Machine learning with sparse features + missing data

For a machine learning project, I am trying to predict the rental price and costs of real estate.
For this, I use rather a lot of dummy variables to capture differences based on geography, which makes the data rather sparse. Further, for the characteristics of the properties (number of bedrooms, bathrooms, whether there is a garden, ...) there is a lot of missing data.

Are there any good machine learning algorithms/packages in R that can handle this type of data?

Many Thanks.

1 Like

Hi @Wout.dev

  • use sparseMatrix

https://www.rdocumentation.org/packages/Matrix/versions/1.3-4/topics/sparseMatrix

  • Use mini-batch learning

  • Using the Sparse Model (LASSO)

  • Use a machine with huge memory in a cloud service

  • R is not very good at processing huge data on-memory.
    (Please create functions like data loader to create sparse matrices only when processing.)

  • Synthesize the Low-dimensional features. For example, principal component analysis, tsne, umap, etc.

I'm a data analyst in a company, and I often use these in practice.

xgboost must use one hot vector.
More techniques may be found in the literature on xgboost.

Have a good R life.

Hello,

Thank you for your reply.

Sounds like a fun project.

One thing you should know is that R has a native factor data type.

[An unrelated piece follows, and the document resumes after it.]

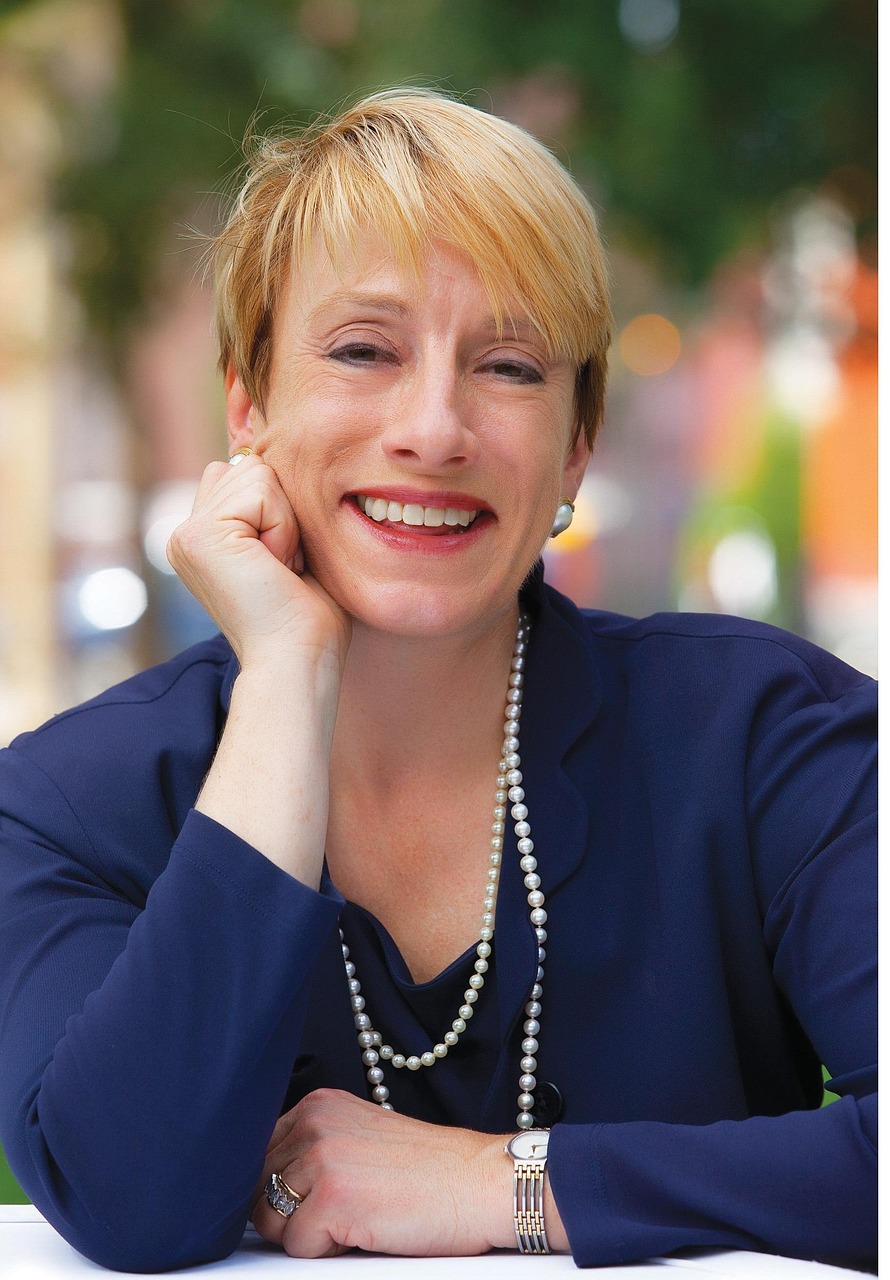 beth maçon, campagne, portrait, hoboken, new jersey, président du conseil municipal, politicien, politique, femme, parti démocratique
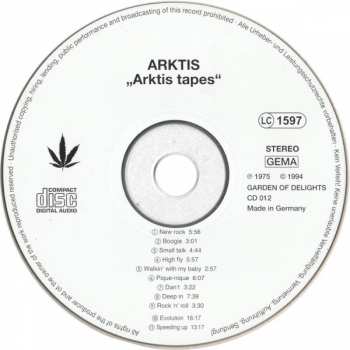 CD Arktis: Arktis Tapes 192751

You shouldn't have to make dummy variables yourself. Look at this output and see how the dummies are created automatically. model.matrix(Sepal.Length ~ ., data = iris)

Lasso or elastic net are great methods for sparse data. Especially for a 1st pass modeling because they are fast to fit and easy to understand. Using caret::train, use method = "glmnet" argument.

Finally, if you are imputing missing values with a multivariate imputation method, make sure that you don't use the response variable as an imputation predictor.